**What the exercise asks**
Range to reproduce from the entries below: the line with "LOUIS VUITTON Monogram", the line with "Old Blue Castle", and every line in between. Give them exactly and give nothing else.

**Raw data**
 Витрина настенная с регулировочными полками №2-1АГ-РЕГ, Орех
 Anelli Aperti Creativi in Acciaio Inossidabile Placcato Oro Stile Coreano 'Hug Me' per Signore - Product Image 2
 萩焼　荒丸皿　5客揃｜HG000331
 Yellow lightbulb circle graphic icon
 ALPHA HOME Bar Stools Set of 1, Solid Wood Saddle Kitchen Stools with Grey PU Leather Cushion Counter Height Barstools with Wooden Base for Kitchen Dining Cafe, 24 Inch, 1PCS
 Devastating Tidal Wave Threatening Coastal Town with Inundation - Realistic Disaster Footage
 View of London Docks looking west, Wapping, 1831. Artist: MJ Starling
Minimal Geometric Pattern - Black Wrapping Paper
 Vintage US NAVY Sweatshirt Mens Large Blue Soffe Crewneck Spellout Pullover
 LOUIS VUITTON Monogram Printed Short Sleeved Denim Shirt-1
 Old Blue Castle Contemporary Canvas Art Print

--

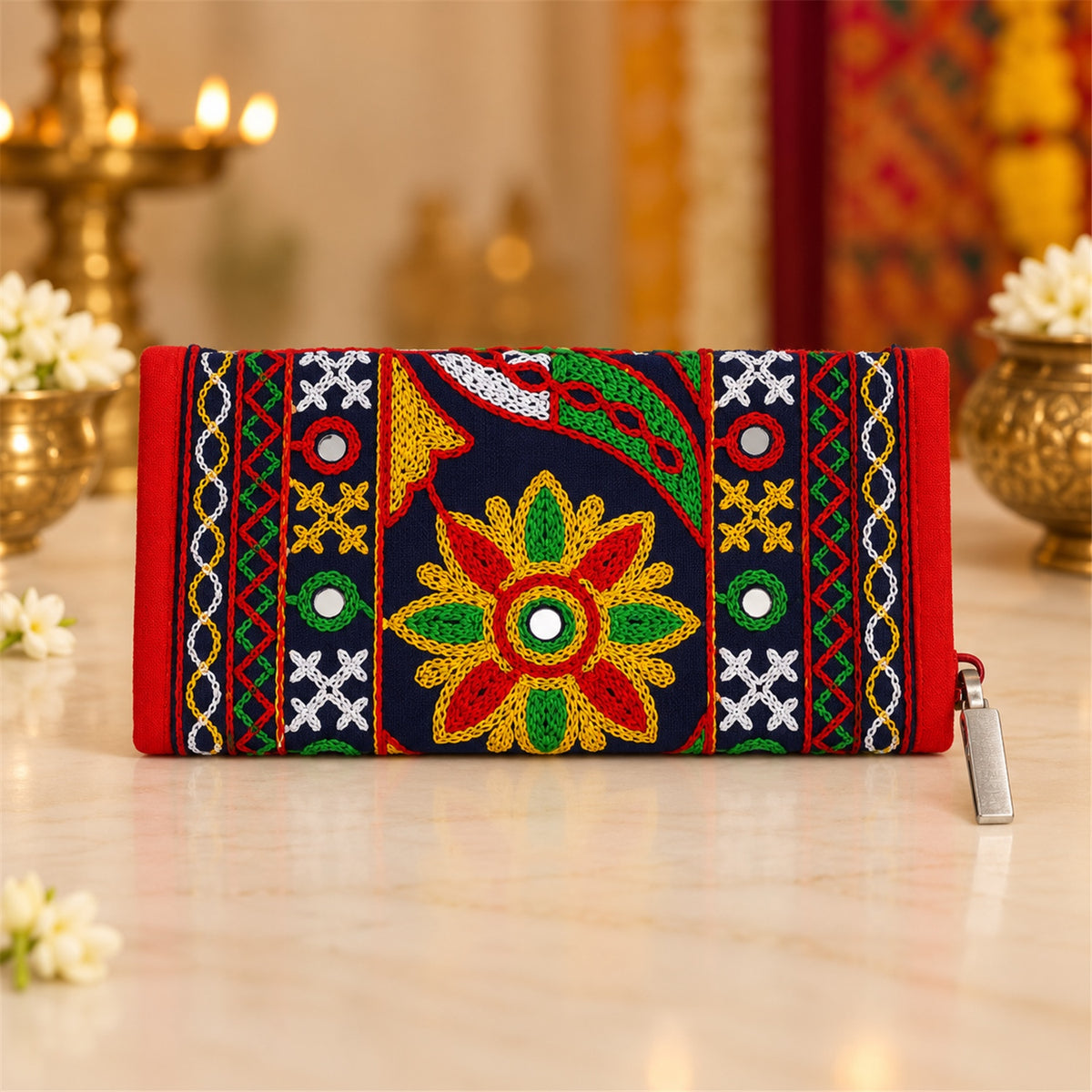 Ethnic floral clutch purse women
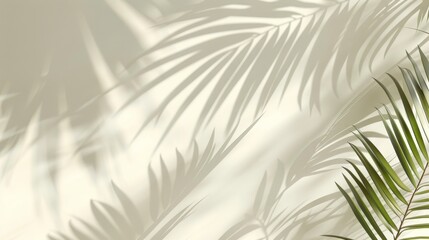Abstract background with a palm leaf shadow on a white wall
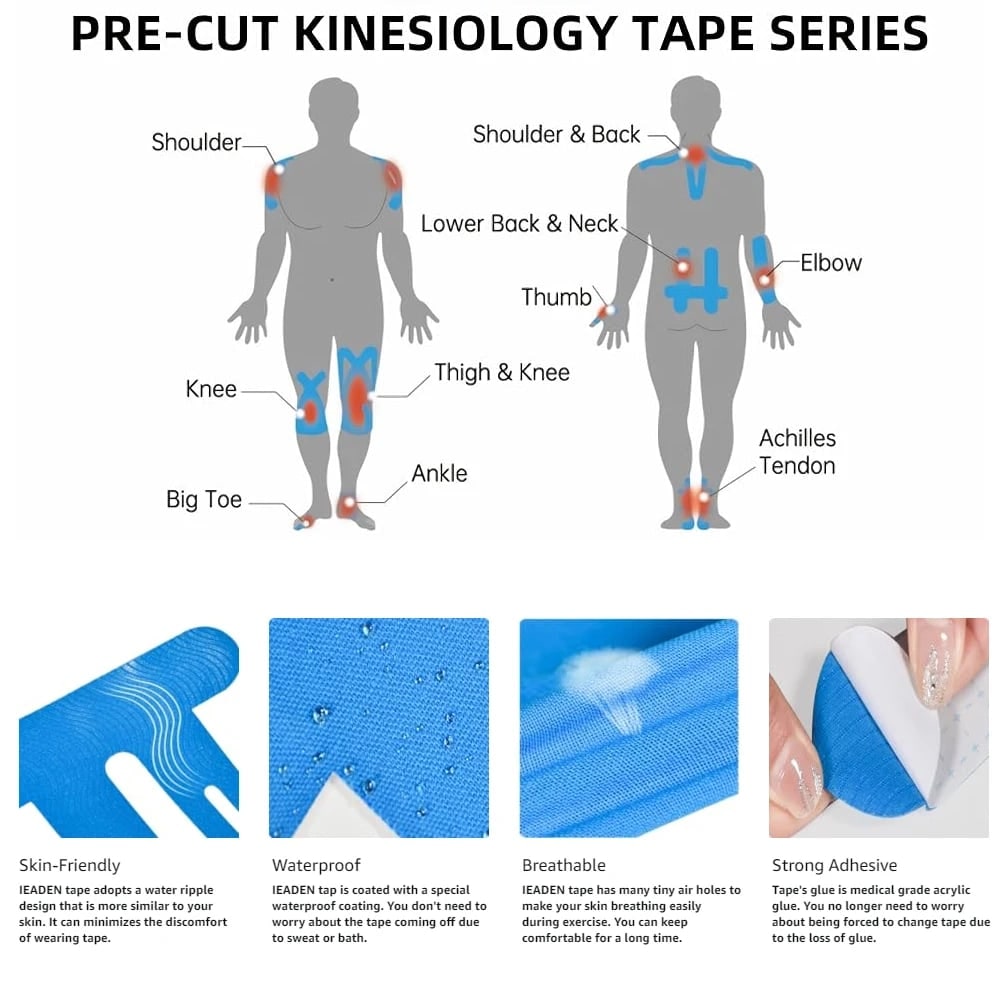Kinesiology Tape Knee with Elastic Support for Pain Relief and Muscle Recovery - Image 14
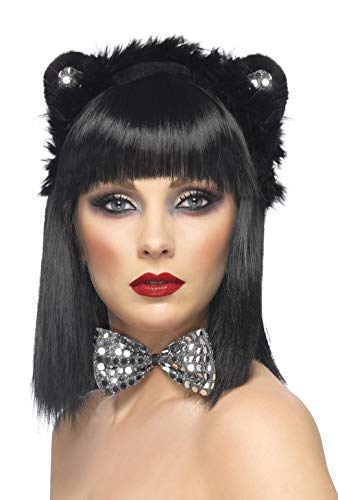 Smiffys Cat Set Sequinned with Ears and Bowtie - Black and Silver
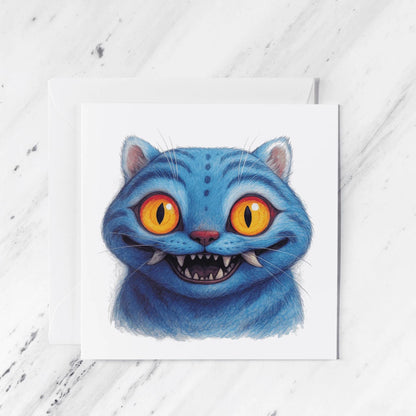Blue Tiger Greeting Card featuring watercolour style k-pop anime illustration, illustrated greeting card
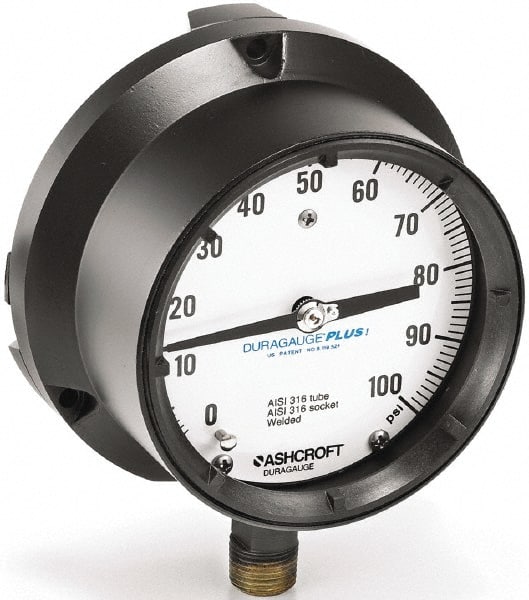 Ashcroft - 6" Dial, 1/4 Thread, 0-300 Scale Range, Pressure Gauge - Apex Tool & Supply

**Exercise solution**
 LOUIS VUITTON Monogram Printed Short Sleeved Denim Shirt-1
 Old Blue Castle Contemporary Canvas Art Print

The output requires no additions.